In which Annie (high school teacher, mother of two young girls and a younger boy) and her aunt Deborah (children's bookseller, mother of two young women in their 20s) discuss children's books and come up with annotated lists.

Sunday, September 4, 2011

More Magic

Dear Annie,

I wanted to react to a couple of things that have dashed by in recent weeks.  I suspect you've finished Half Magic by now -- I'm so glad you all enjoyed it.  There are six more books in Edward Eager's Tales of Magic, written from 1954 to 1962, and in all he acknowledges his reverence for/debt to the writing of E. Nesbit (yes, yes - we have to write about her!).
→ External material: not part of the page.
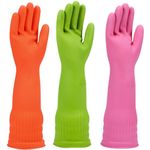 Rubber dishwashing gloves 3 Pairs for kitchen,Cleaning washing dish gloves long for household reuseable durable.(Large,Multicolor)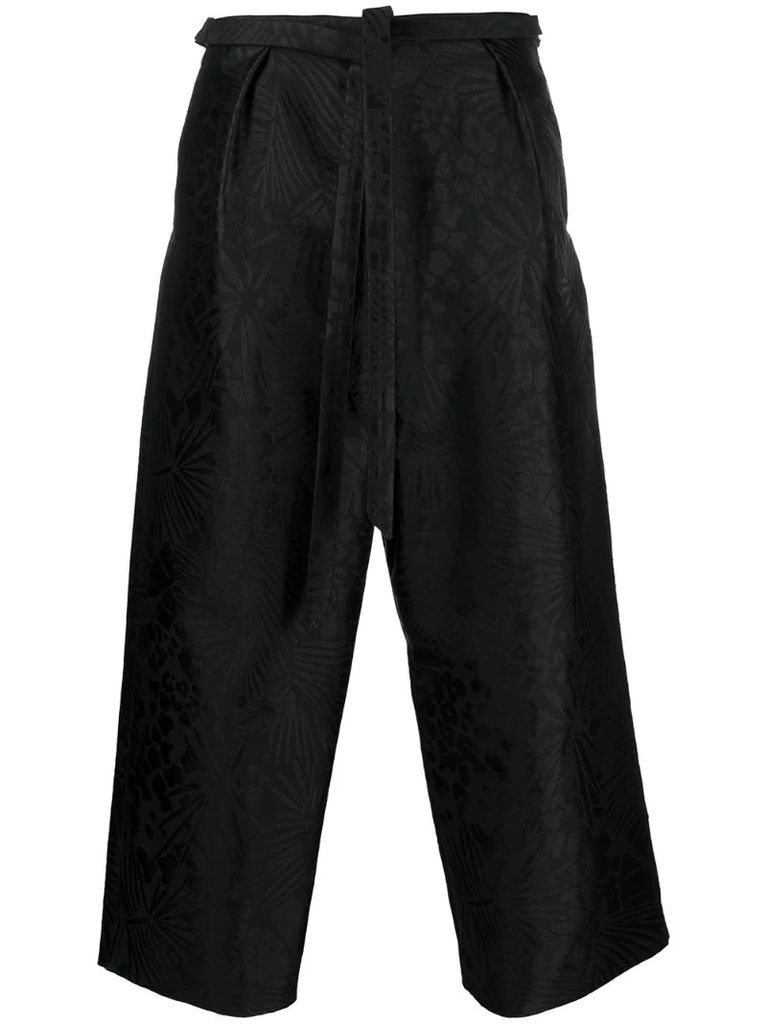 floral-jacquard silk palazzo trousers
I loved your quote from the talking cat chapter, but I still haven't figured out what "Idlwidl bixbax. Grompaw.  Fooz!" mean.  There's one more book about Martha, Jane, Mark, and Katharine,
Magic by the Lake
. In one scene, the children are lost in a sort of magic fog on a desert island and are rescued by another group of children who seem to be in the same magic. Two of the other books -- Knight's Castle and The Time Garden -- are about Martha and Katharine's children.  There's a lovely scene in one of them where the cousins go into a sort of magical fog on a desert island and find and rescue another group of children there.  They all go on their separate ways.

Then there's your entry on editing out too-disturbing stuff as one is reading aloud.  It's true, we keep coming back to this.  In an ideal world, we'd all have time to vet books before reading them to kids, but after the picture book stage, that's next to impossible.  And it's so hard to predict what will just go right by a child, and what will be traumatic. 

You talked about your friend Cyd reading one of the All-of-a-Kind Family books with Rebekah, and her sister writes about the books wonderfully in Even in Australia.  This is not the first time I've felt I should re-visit that series.  A lot of people have a special spot in their hearts for them.  I read the first book once with our girls.  The turn of the last century Lower East Side is very well portrayed.  I remember liking some of it, but recoiling at some of the heavier gender stereotypes.  There was a chapter in which the excitement had to do with a contest among the sisters about who could dust the best/fastest.  And for me the strongest image of the book was of the father crying at the end because he was so thankful he finally had a son.  Heaven knows I've spent plenty of time saying that attitudes about women have changed, but it still was a hard scene to explain to my daughters.  Cyd and/or Rachel, I'll go back and re-read, but feel free to jump in here...

Love,

Deborah


1 comment:

  1. I think the gender attitudes in AOAKF are perfectly representative of their time and place which is one of the main roles of historical fiction.

    The dusting episode is actually not a competition and to me, it is more an example of good parenting - using novelty and fun to make children do something they don't want to do. It also illustrates how back then, everyone had to work to make the household run (another good lesson) - boys had chores or jobs, too but they were often not in the home and, as this family has 5 girls initially, those jobs are not shown here.

    And who wouldn't want a son back when girls couldn't do much of anything, including take on a role of any significance in the Jewish community, particularly the saying of Kaddish (the mourner's prayer, traditionally said by a son for his parents)? My girls are always asking "Why couldn't girls do anything back then?" and what better way for them to appreciate that girls and women now CAN do anything and everything?

    So the roles of women and girls in the book don't bother me at all - if they were in a book set NOW, that would be a different story.